Des politiques publiques et privées actives de réduction des inégalités constituent une condition préalable : l'impératif de traitement égal des résidents étrangers et des Européens d'ascendance étrangère devrait être à cet égard rappelé tout au long des manifestations de cette Année européenne du dialogue interculturel.
C'est aussi à partir de cette fidélité à l'idéal démocratique que la problématique de la diversité culturelle devrait être posée en évitant deux écueils : la négation du pluralisme et le relativisme.
Il ne peut y avoir en effet de communauté politique démocratique sans un ensemble de valeurs, un socle indérogeable, donc non négociable, qui est constitué des valeurs fondamentales des droits de l'homme. Il y a dans ce que l'on nomme communément les cultures des particularités qui ne sont pas recevables et d'autres qui appartiennent au fonds commun de l'humanité. À cet attachement à l'universalisme, il faudrait articuler la défense exigeante du droit des individus à s'autodéfinir et notamment à rompre avec « l'origine ». Ce droit de dissociation d'avec le (s) groupe (s) d'appartenance est à cet égard vital dans nos sociétés.
Mais, une fois ces impératifs politiques et éthiques rappelés, il nous faut bien penser des politiques de reconnaissance de la diversité et du pluralisme, sans stigmatiser a priori, au nom d'un universalisme abstrait, tout mouvement de réaffirmation culturelle ou identitaire et l'assimiler trop rapidement au repli, à la fermeture et au rejet de valeurs communes.
Dans un monde globalisé, marqué par les mobilités humaines de tous genres, par l'affaiblissement des capacités d'intégration des États, par l'émergence d'institutions supranationales politiques et économiques, le besoin des individus à se référer à des groupes d'appartenance plus multiples ne peut être ignoré et frappé automatiquement d'illégitimité.
L'articulation entre communauté politique et diversité n'est pas au fond soulevée par les seuls migrants ou leurs enfants au sein de chaque société européenne ; elle est aussi posée par le processus de construction européenne qui suscite, comme l'a révélé récemment le débat sur le traité constitutionnel, des crispations nationales. Nous sommes de fait et de plus en plus acteurs d'une citoyenneté politique qui se déploie au niveau local, national et supranational, et en même temps attachés à des cercles d'appartenance religieux, linguistiques, culturels multiples.

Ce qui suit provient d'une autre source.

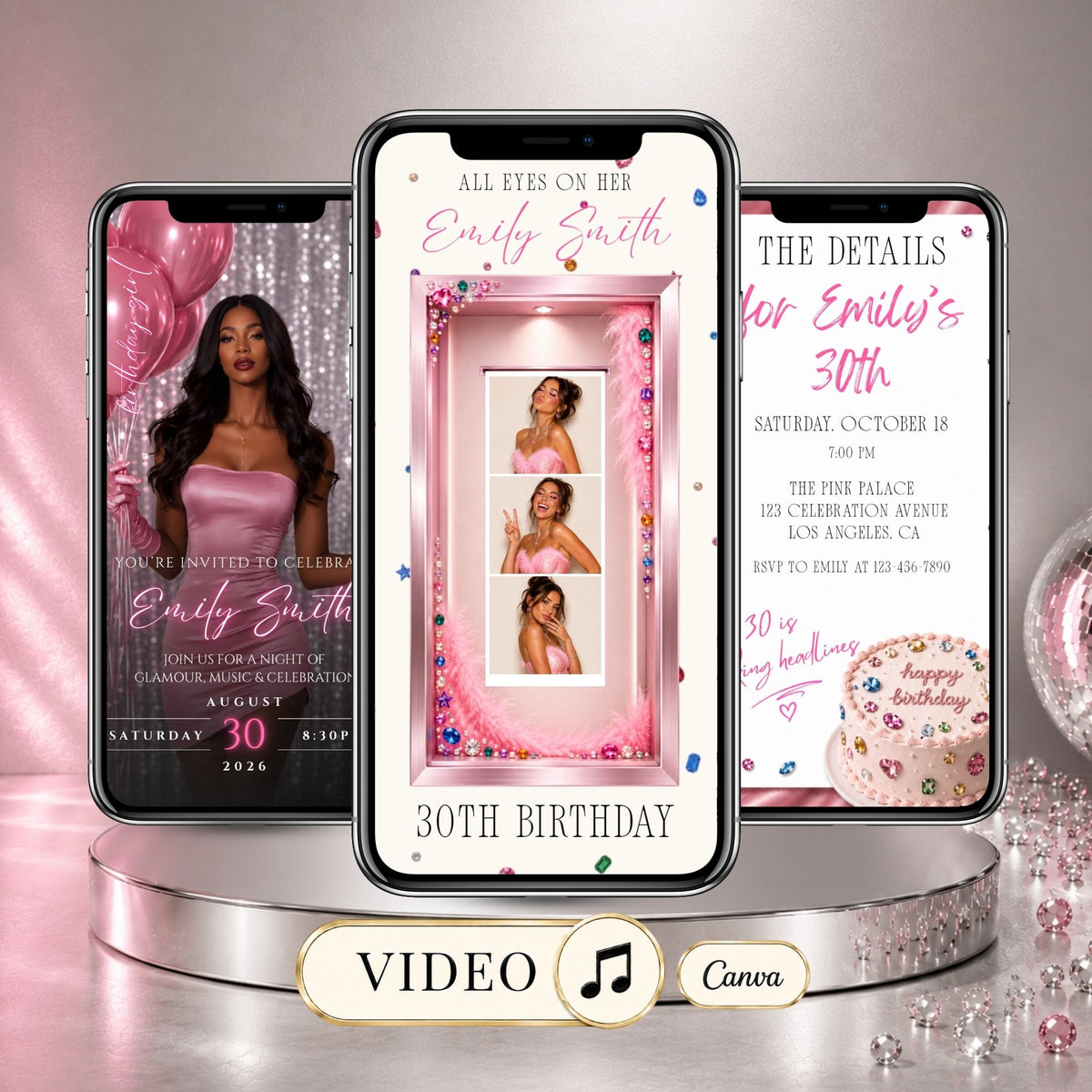 Pink rhinestone photo booth birthday video invitation with glamorous photo strip, party details and editable Canva template.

Dans ce contexte, l'idéal démocratique ne peut plus seulement considérer des individus abstraits et indistincts, sans prendre en compte leur subjectivité, leur histoire personnelle propre. C'est ce défi, interne à chaque société européenne et entre sociétés européennes, que devrait éclairer cette année du dialogue interculturel
Alors même que les populations étrangères s'enracinent dans ces sociétés européennes, comme le révèlent l'émergence des nouvelles générations, nées et socialisées en Europe ou, sur un autre terrain, la progression des naturalisations, y compris et surtout chez les femmes migrantes, le débat public sur la place des autres « cultures » est de plus en plus focalisé sur la dimension religieuse.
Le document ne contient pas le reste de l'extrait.